Il ressort de l’ensemble de ces pièces que Bouygues Telecom a demandé de façon réitérée et non équivoque l’application d’un tarif dans un intervalle  compris  entre  12,20 € HT/mois/ligne  et 13,20 € HT/mois/ligne et que SFR FTTH n’y a pas répondu favorablement. Loin d’y faire droit, il a facturé la livraison des accès activés pour Bouygues Telecom sur la zone SFMD au tarif contesté de 16,40 € et a annoncé une évolution de ses conditions tarifaires, impliquant une hausse du tarif de location.

Compte tenu de l’ensemble des échanges intervenus entre les parties et rappelés ci-avant, l’Autorité estime que l’échec des négociations est avéré et que les conclusions de Bouygues Telecom, tendant à enjoindre à SFR FTTH de transmettre à Bouygues Telecom un avenant au contrat d’accès afin que le tarif de location soit compris entre 12,20 € HT/mois/ligne et un maximum de 13,20 € HT/mois/ligne, sont recevables.

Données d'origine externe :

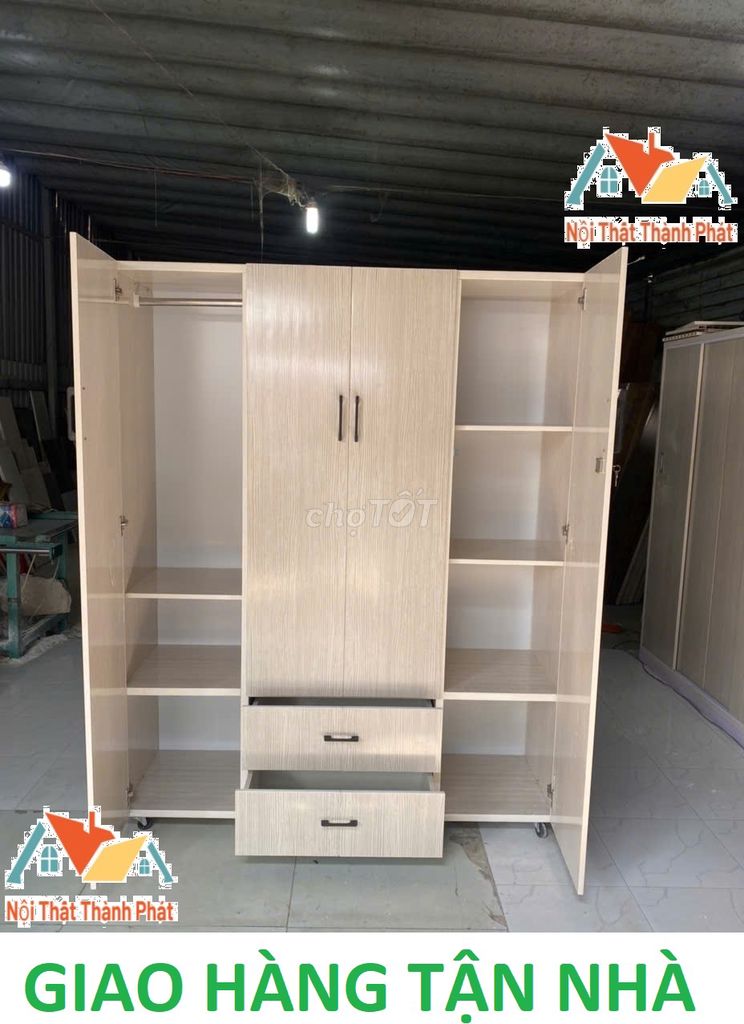 Tủ quần áo Tủ quần áo Tủ quần áo **!! Tủ quần áo. Mua bán Tủ, kệ gia đình tại Huyện Nhà Bè Tp Hồ Chí Minh được đăng bởi Nguyễn Quỳnh Thư hình 1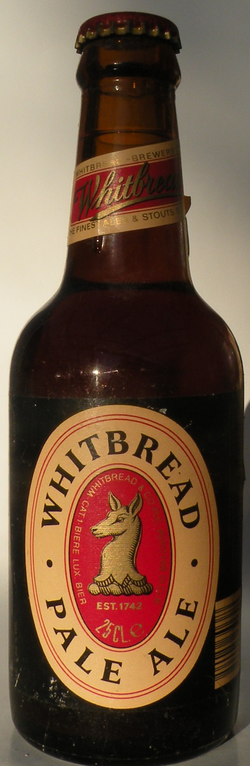 Whitbread Pale Ale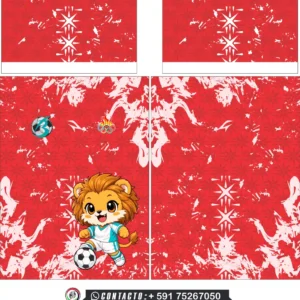 olimpiadas rojo leon v1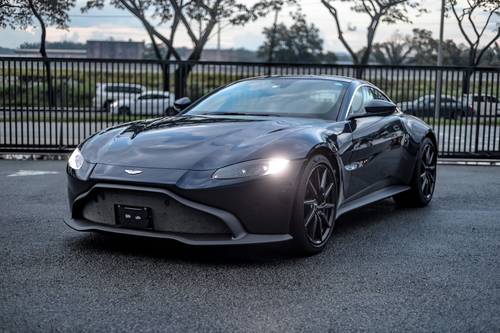 Used 2019 Aston Martin Vantage 4.0 Coupe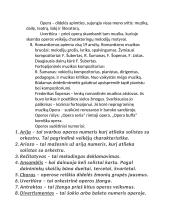 Muzikos istorijos egzamino pasiruošimui 4 puslapis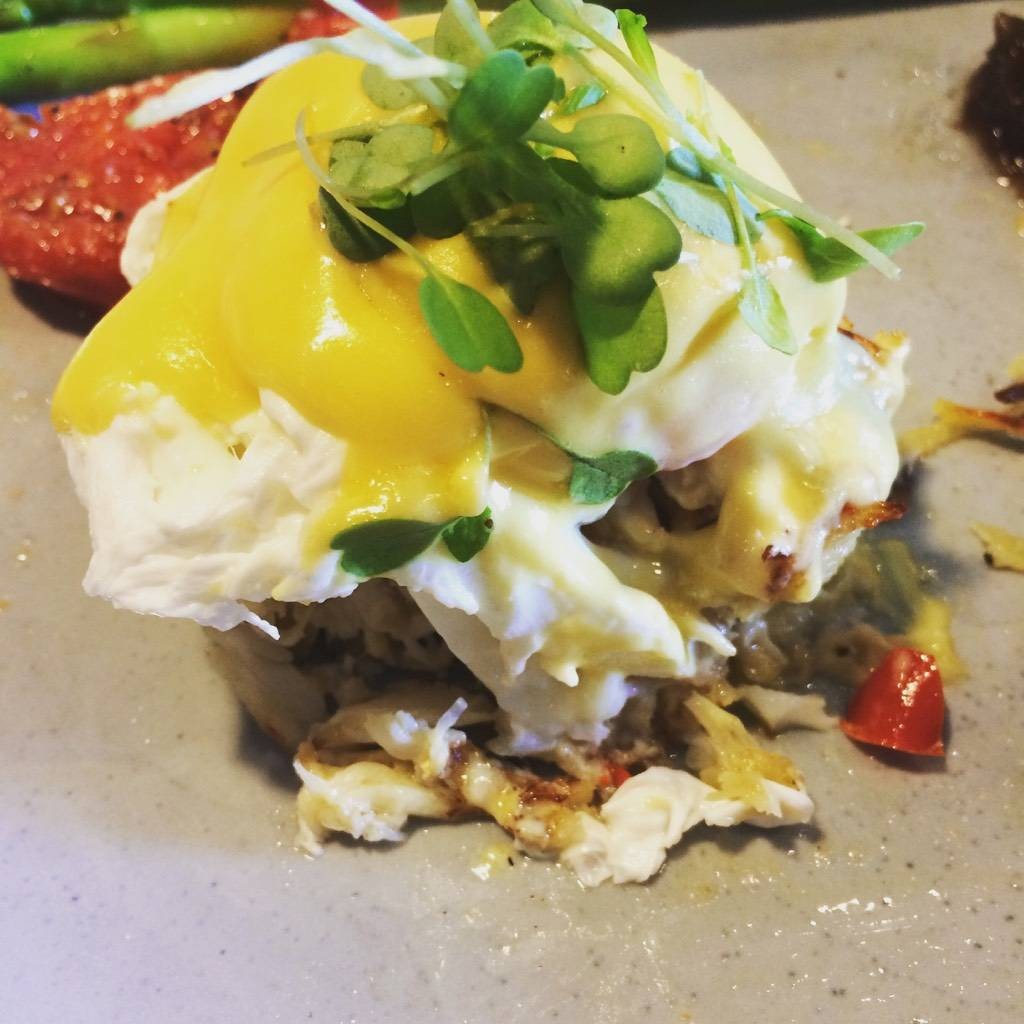 รีวิว Roast Coffee & Eatery ซีนสเปซ ทองหล่อ superb brunch & excellent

b) Sur l’échec des négociations sur la demande visant à ce que SFR FTTH renonce à l’augmentation de ses tarifs d’accès

SFR FTTH soutient que Bouygues Telecom n’a jamais cherché à négocier les nouvelles conditions tarifaires, et en particulier le tarif initial de cofinancement, dont il estime qu’il n’est pas critiqué dans la saisine de Bouygues Telecom et qu’il est même utilisé par ce dernier pour calculer le tarif de location demandé. SFR FTTH fait également valoir que la signature de l’offre d’accès par Bouygues Telecom conforte ce constat35.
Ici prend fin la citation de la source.